Because it is a catch-all, the real cause is hidden from the browser. The actual detail lives in the server’s error log — which is where site owners need to look.
Severity: Medium Category: Error Fix
Common Causes (Important Points)
- A corrupted or misconfigured .htaccess file.
- A PHP memory limit being exhausted.
- A buggy plugin, theme or code update (common on WordPress).
- Incorrect file or folder permissions.
- A corrupted core file or failed deployment.
- Server overload or a temporary backend fault.
How to Fix a 500 Internal Server Error
1Reload and wait — Refresh after a minute. Transient overloads often clear on their own.
2Clear cache and cookies — Stale cached data can keep showing the error — clear it or test in Incognito / another browser.
3Check the server error log — Site owners: open the error log in your hosting panel to find the exact line or file causing the failure.
4Rename .htaccess — Temporarily rename .htaccess to .htaccess_old and reload.

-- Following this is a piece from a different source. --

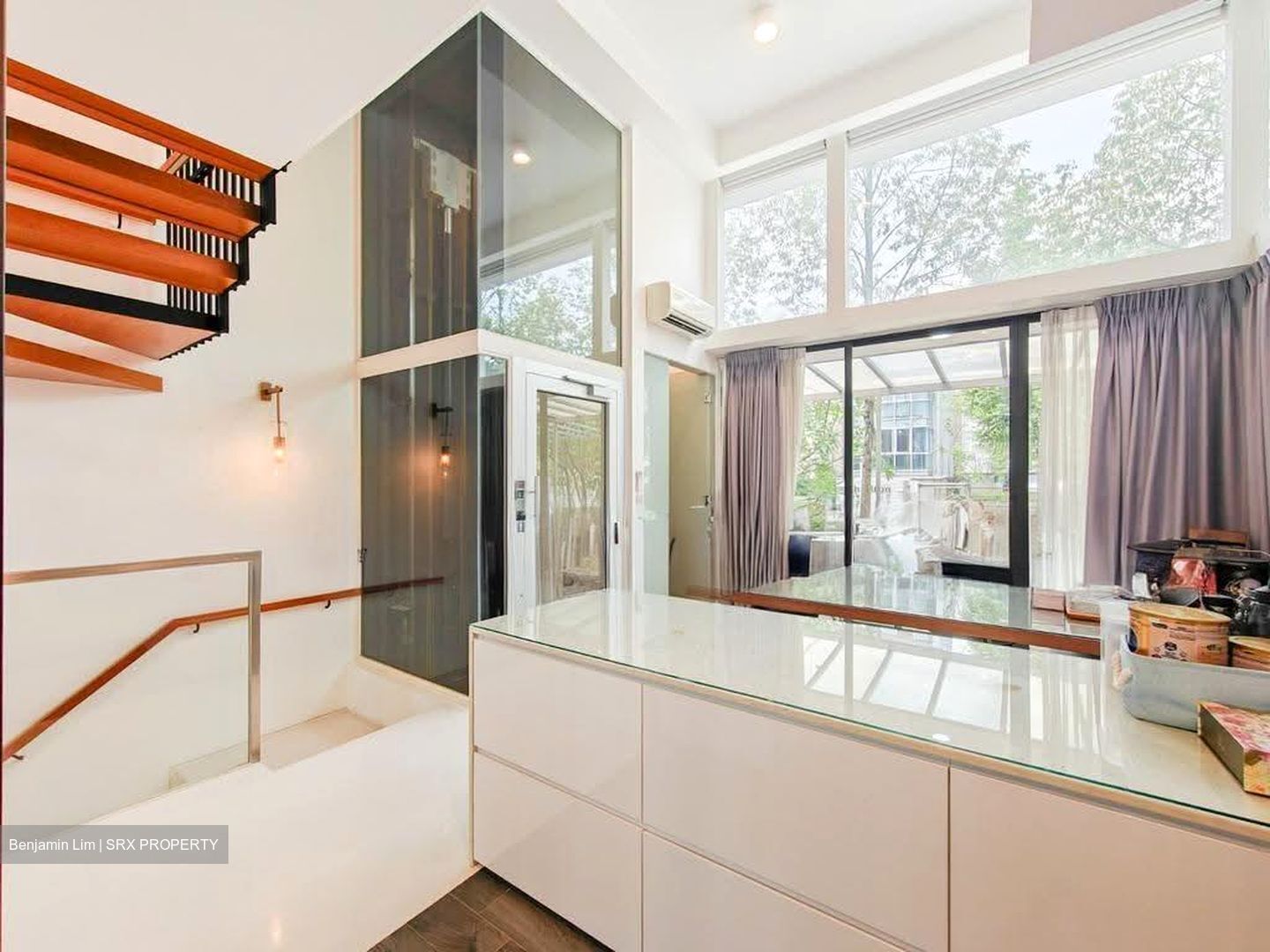Charlton 27 (D19), Terrace #617667631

If it works, regenerate a clean file (Settings → Permalinks → Save on WordPress).
5Deactivate plugins / switch theme — Disable plugins one by one (or all at once) and switch to a default theme to isolate the culprit.
6Increase the PHP memory limit — Raise memory_limit (e.g. to 256M) in php.ini or wp-config.php if logs show memory exhaustion.
7Fix file permissions — Set folders to 755 and files to 644. Wrong permissions frequently trigger 500 errors.
Visitor vs Site-Owner Fixes
| You are a… | First thing to do | Then |
|---|---|---|
| Visitor | Reload and clear cache | Try Incognito / come back later |
| WordPress owner | Check error log | Rename .htaccess, disable plugins |
| Developer | Read server logs / stack trace | Fix code, memory, permissions |
Frequently Asked Questions (FAQ)
Is a 500 error my fault as a visitor?
No. A 500 Internal Server Error is a server-side problem on the website you are visiting. The most you can do is reload, clear your cache, or try again later.
How is a 500 error different from a 404?
A 404 means the page was not found (a client/URL issue), while a 500 means the server itself failed while trying to process a request that does exist.
How do I find the real cause of a 500 error on my site?
Open your hosting control panel and read the server error log. It records the specific file, plugin or PHP error that triggered the 500 — the browser never shows that detail.
Can a plugin cause a 500 error in WordPress?
Yes. A buggy or incompatible plugin (or theme) is one of the most common causes. Deactivate plugins one at a time to find which one is responsible.